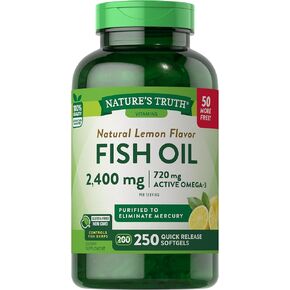 Nature's Truth Burpless Fish Oil 2400mg | 250 Softgels | 720 mg Omega 3 | Natural Lemon Flavor Pills | Non-GMO & Gluten Free Supplement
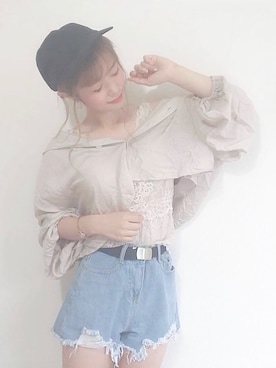 「消えそうな色コーデ」｜「アイテム（キャップ）」を使った、anchanさん（レディース・155cm）の夏コーディネート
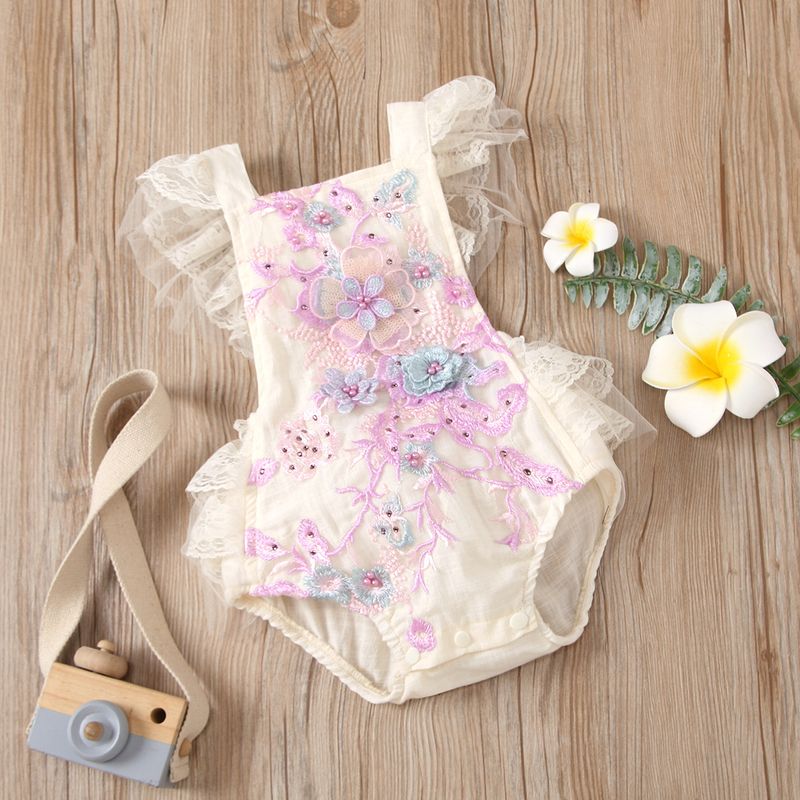 Children's Tether Lace Embroidered Beaded Triangle Crawl Baby Jumpsuit Wholesale Nihaojewelry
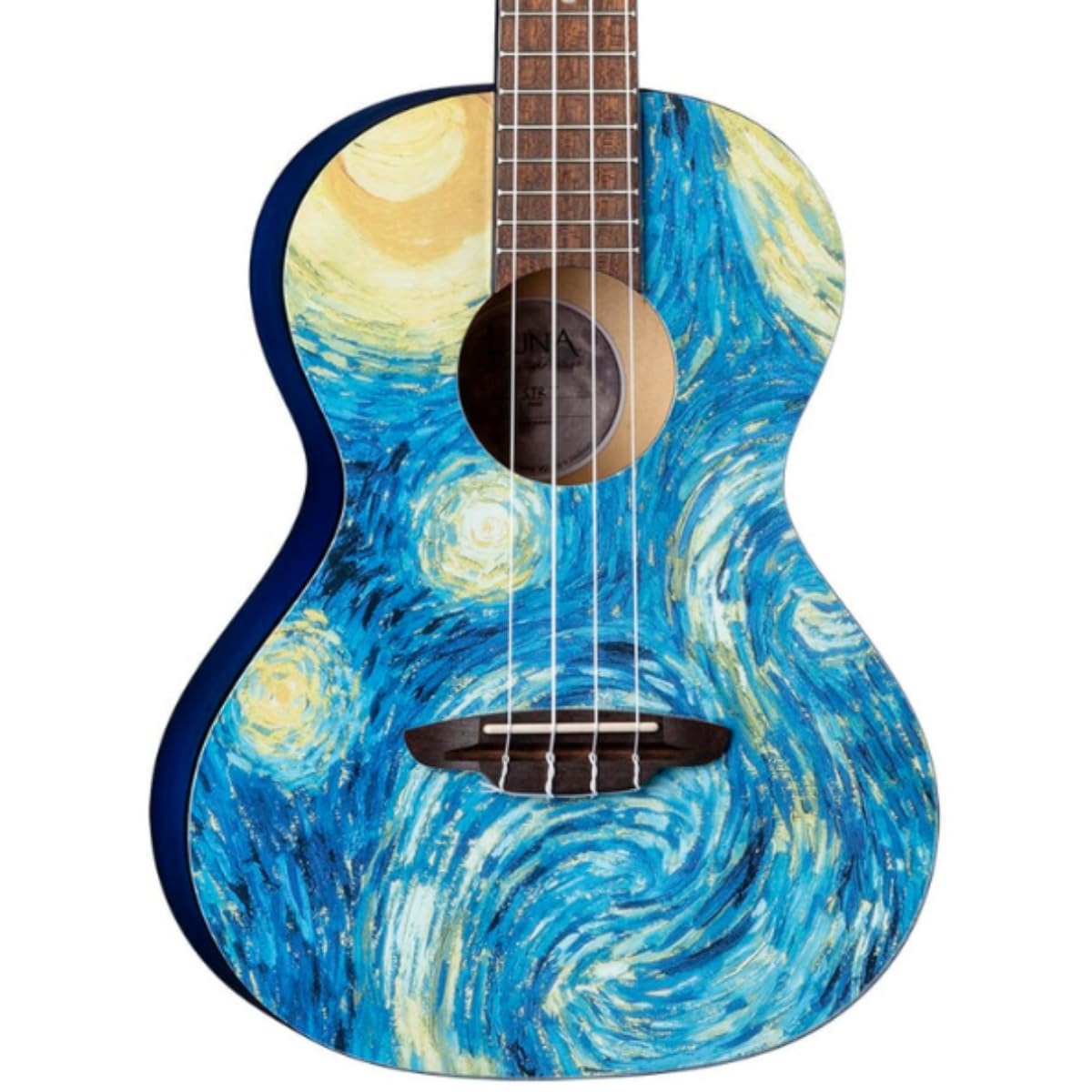 Starry Night Tenor Ukulele 4-String with Gig Bag - Luna Guitars UKE STR T - Perfect for Beginners, Travel & Beach Performances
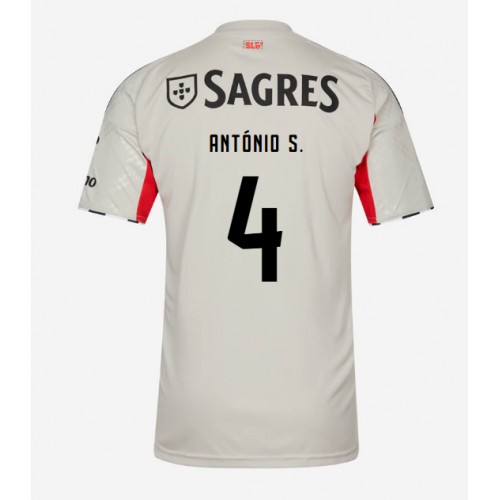 Benfica Antonio Silva #4 Venkovní Dres 2025-26 Krátkým Rukávem Benfica Antonio Silva #4 Venkovní Dres 2025-26 Krátkým Rukávem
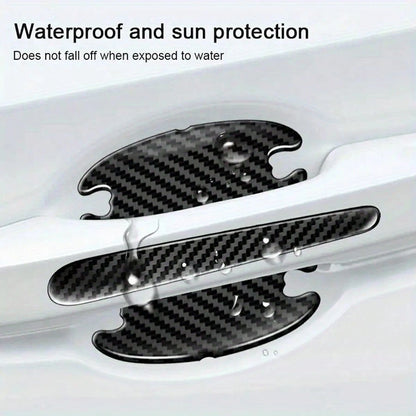 8pcs Carbon Fiber Door Bowl Handle Protective Stickers, Anti-Scratch Horizontal Stickers, Car Door Bowl Stickers, Universal Exterior Door Bowl Stickers, Handle Stickers, Fit For All Car Models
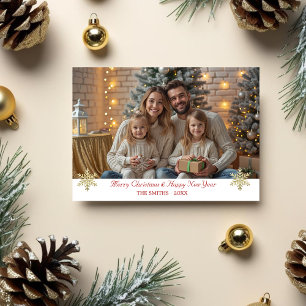 Einfaches elegantes Gold Snowflakes/Foto Feiertagskarte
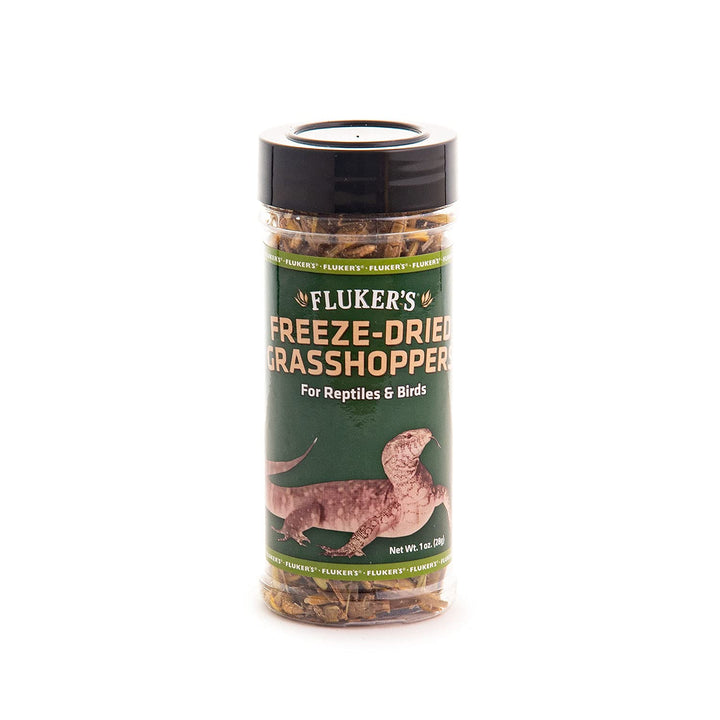 Fluker's Freeze Dried Grasshoppers, Nutrient-Packed, Ideal for Lizards, Reptiles, Birds, Fish, Hedgehogs, 1.7 oz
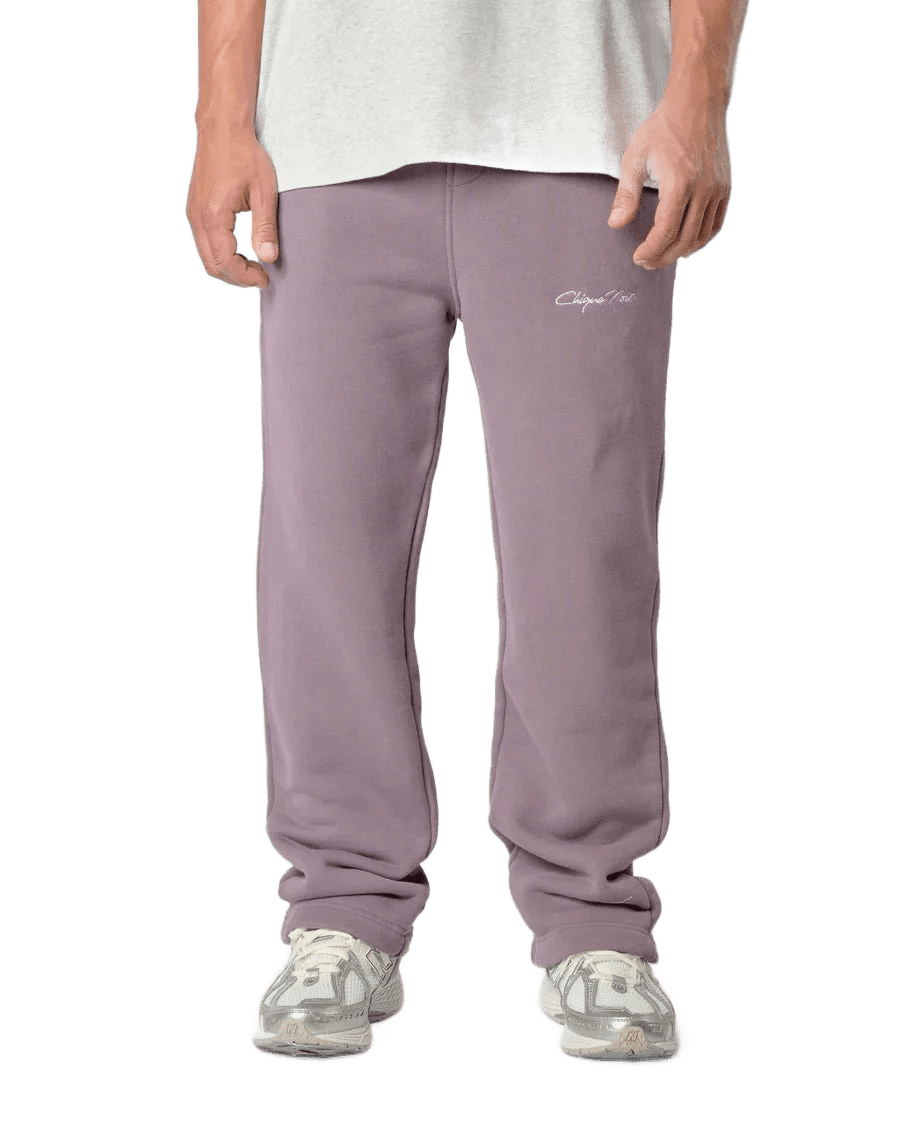 CHIQUE NOIR - WIDE LEG SWEATPANTS - PLUM -  - Mentastore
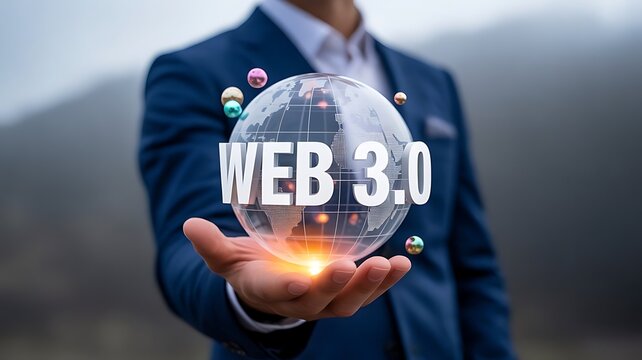 Businessman holding a globe with Web 3 0 text representing the future of internet - Powered by Adobe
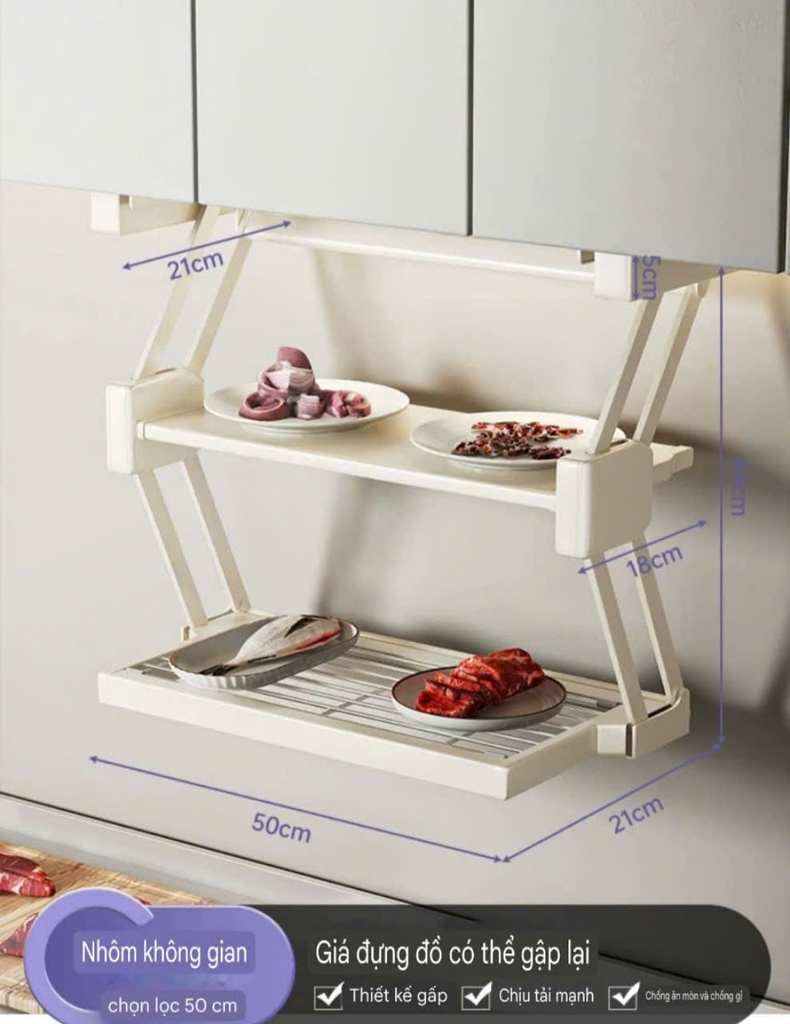 Kệ để thức ăn gắn dưới gầm tủ bếp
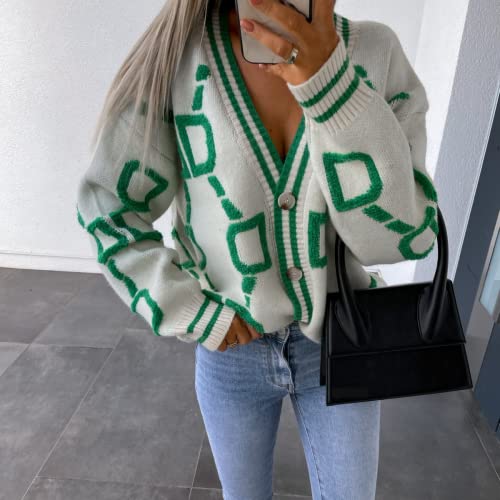 Women's Button Sweater Cardigan Long Sleeve Loose Graphic Geometric Knit Outerwear Cardigan For Women White #TOP2
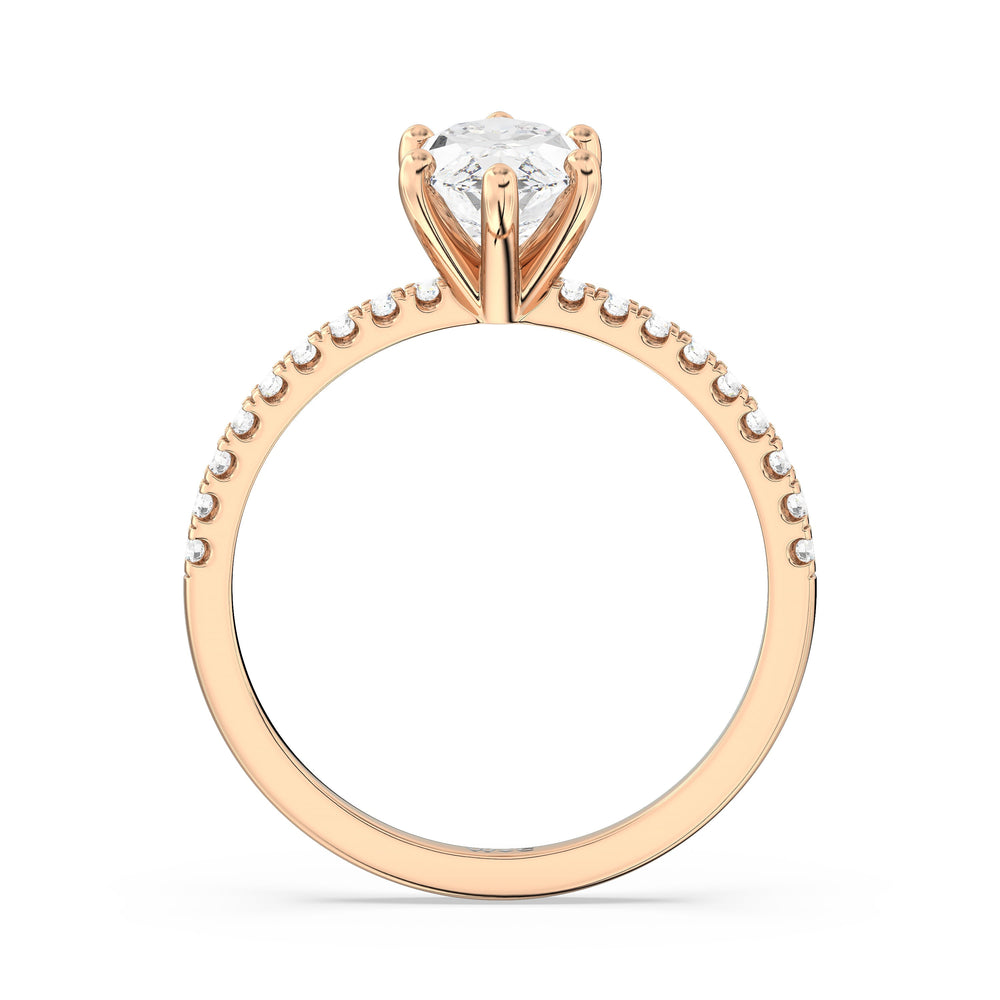 Fine Vela Classic Pave Diamond Engagement Ring with Marquise Cut Diamond in 14KT Rose Gold view 5
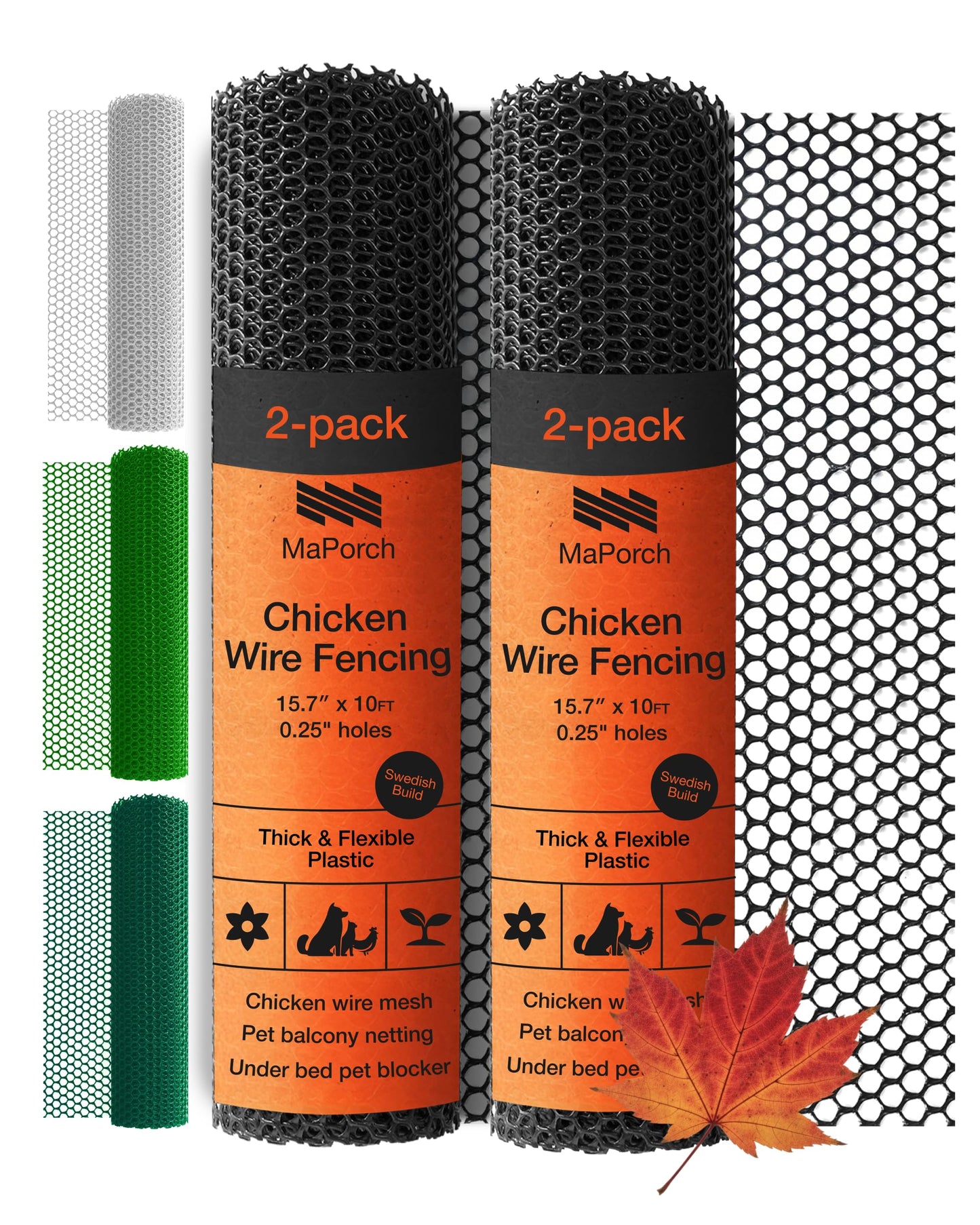 Maporch Plastic Chicken Wire Fencing for Pet Protection - 15.7" x 10ft, Black HDPE Mesh - Garden Fence Animal Barrier for Dogs, Cats and Rabbits (2-Pack)
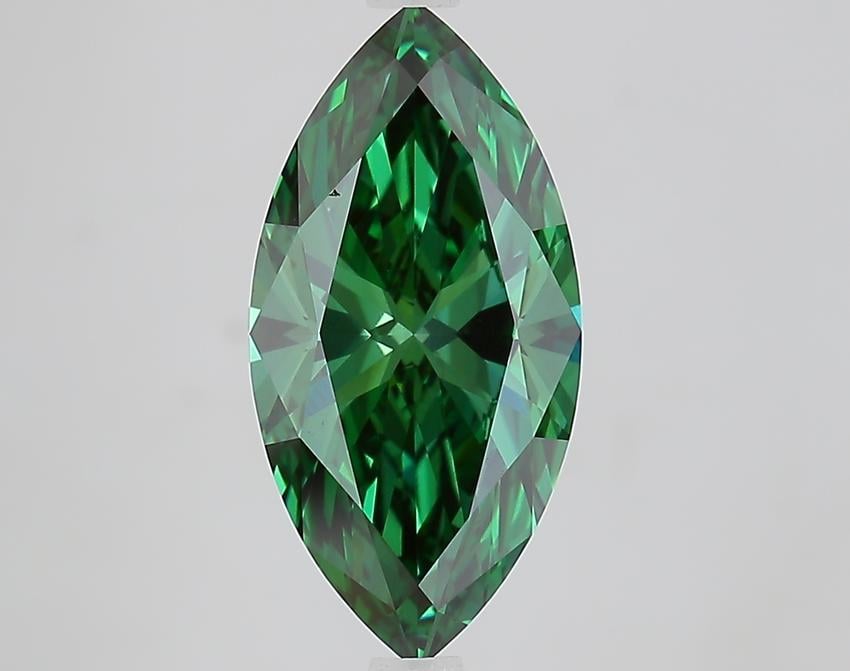 2.94 Ct. Fancy Vivid Green Marquise Lab Grown Diamond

> Problem details: Only the records, copied exactly and without pictures, should make up the answer.

> Reply to the task:
 Nature's Truth Burpless Fish Oil 2400mg | 250 Softgels | 720 mg Omega 3 | Natural Lemon Flavor Pills | Non-GMO & Gluten Free Supplement
 「消えそうな色コーデ」｜「アイテム（キャップ）」を使った、anchanさん（レディース・155cm）の夏コーディネート
 Children's Tether Lace Embroidered Beaded Triangle Crawl Baby Jumpsuit Wholesale Nihaojewelry
 Starry Night Tenor Ukulele 4-String with Gig Bag - Luna Guitars UKE STR T - Perfect for Beginners, Travel & Beach Performances
 Benfica Antonio Silva #4 Venkovní Dres 2025-26 Krátkým Rukávem Benfica Antonio Silva #4 Venkovní Dres 2025-26 Krátkým Rukávem
 8pcs Carbon Fiber Door Bowl Handle Protective Stickers, Anti-Scratch Horizontal Stickers, Car Door Bowl Stickers, Universal Exterior Door Bowl Stickers, Handle Stickers, Fit For All Car Models
 Einfaches elegantes Gold Snowflakes/Foto Feiertagskarte
 Fluker's Freeze Dried Grasshoppers, Nutrient-Packed, Ideal for Lizards, Reptiles, Birds, Fish, Hedgehogs, 1.7 oz
 CHIQUE NOIR - WIDE LEG SWEATPANTS - PLUM -  - Mentastore
 Businessman holding a globe with Web 3 0 text representing the future of internet - Powered by Adobe
 Kệ để thức ăn gắn dưới gầm tủ bếp
 Women's Button Sweater Cardigan Long Sleeve Loose Graphic Geometric Knit Outerwear Cardigan For Women White #TOP2
 Fine Vela Classic Pave Diamond Engagement Ring with Marquise Cut Diamond in 14KT Rose Gold view 5
 Maporch Plastic Chicken Wire Fencing for Pet Protection - 15.7" x 10ft, Black HDPE Mesh - Garden Fence Animal Barrier for Dogs, Cats and Rabbits (2-Pack)
 2.94 Ct. Fancy Vivid Green Marquise Lab Grown Diamond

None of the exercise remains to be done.